Upwork is a crowd-sourcing platform as well, that matches freelancers with employers looking to hire people for a specific project or on a short-term basis.
Upwork is another giant in the freelance platform industry. They also have a large number of jobs listed in industries such as IT, design and creative, sales and marketing, writing, data science and analytics, and more.
Upwork only approves a very small amount of all freelancers who create a profile on the site, which means your chances of getting through are low. It helps if you’ve got a good amount of experience in a niche that they don’t have enough freelancers in. You also have to pay to bid on jobs. Payment can be slow, I’ve sometimes had to wait five days after a client releases payment to get paid, which is a painfully long delay.
Fiverr is a platform that allows freelancers to offer their digital services to companies and customers worldwide.
Fiverr only allows project pricing, so no hourly rates can be found here. Project rates can be a great way to keep things streamlined and easy, but it can also be a downfall if a project turns out to take a lot more time than expected. Fiverr features a lot of different opportunities in a range of industries, from an array of different writing jobs (think technical writing, blog posts, podcast writing, grant writing and more) to gaming, video animation, programming and digital marketing. Fiverr is different from other platforms in that it’s geared towards the freelancers, not the person hiring. Let’s say you’re a graphic designer. You have to create gigs on your account (mini sales pitches of your best work) to convince people to hire you. When a business searches for someone to do a book cover design, your “gig” will show up together with others for them to choose from.
This is one of the many platforms that expects too much from freelancers (in both volume and quality) for far too little money.
Valilly (previously Crowded)
Valilly is different from others on this list because they use data to connect businesses with applicants.

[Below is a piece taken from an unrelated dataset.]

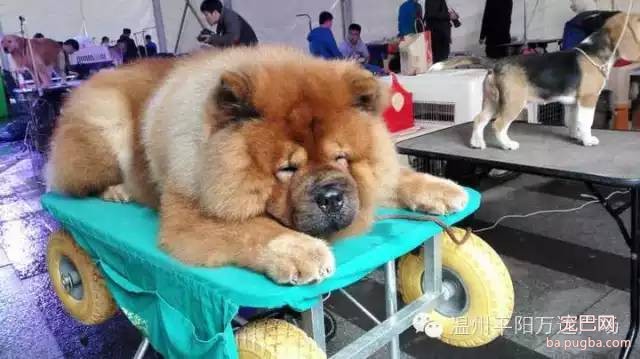 狗狗界的“维密大秀” 现场比赛靓照来了-14.jpeg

The AI-powered recruitment process is a double-edged sword, with pros and cons for applicants. One of the pros is that you don’t have to manually apply for every job, the algorithm takes care of it.
Their algorithm sorts applicants and ranks them based on their skills, fees and experience. Because AI takes care of the ranking, you can’t put your best foot forward with a dashing cover letter or reasoning behind wanting to work for the company. It also seems they only work in two industries, healthcare and technology.
Not worth the hassle?
It can be a painful process to sift through the thousands of highly underpaid jobs on freelance platforms to find the few gems. But it’s essential that you do your due diligence and check the credibility of the company you’re wanting to work for to avoid being scammed or left unpaid at the end of the project. Unfortunately, it seems like a lot of people have had bad experiences on pretty much all of these platforms. It takes a quick google search to find a whole heap of bad reviews on any of them - either in terms of pay rate, customer service, delays in getting paid or even just the amount of freelancers that are unsuccessful on any of these platforms due to the huge amount of competition.
So it is worth it?
My view is the freelance writing platform route is not worth the time investment it requires. Instead, I’d suggest you try directly pitching clients instead. In my experience, you can create better quality professional relationships with better pay and have a higher chance of securing a long-term collaboration. It may be scary at first, but I promise you the thrill of getting a pitch accepted makes it all worth it.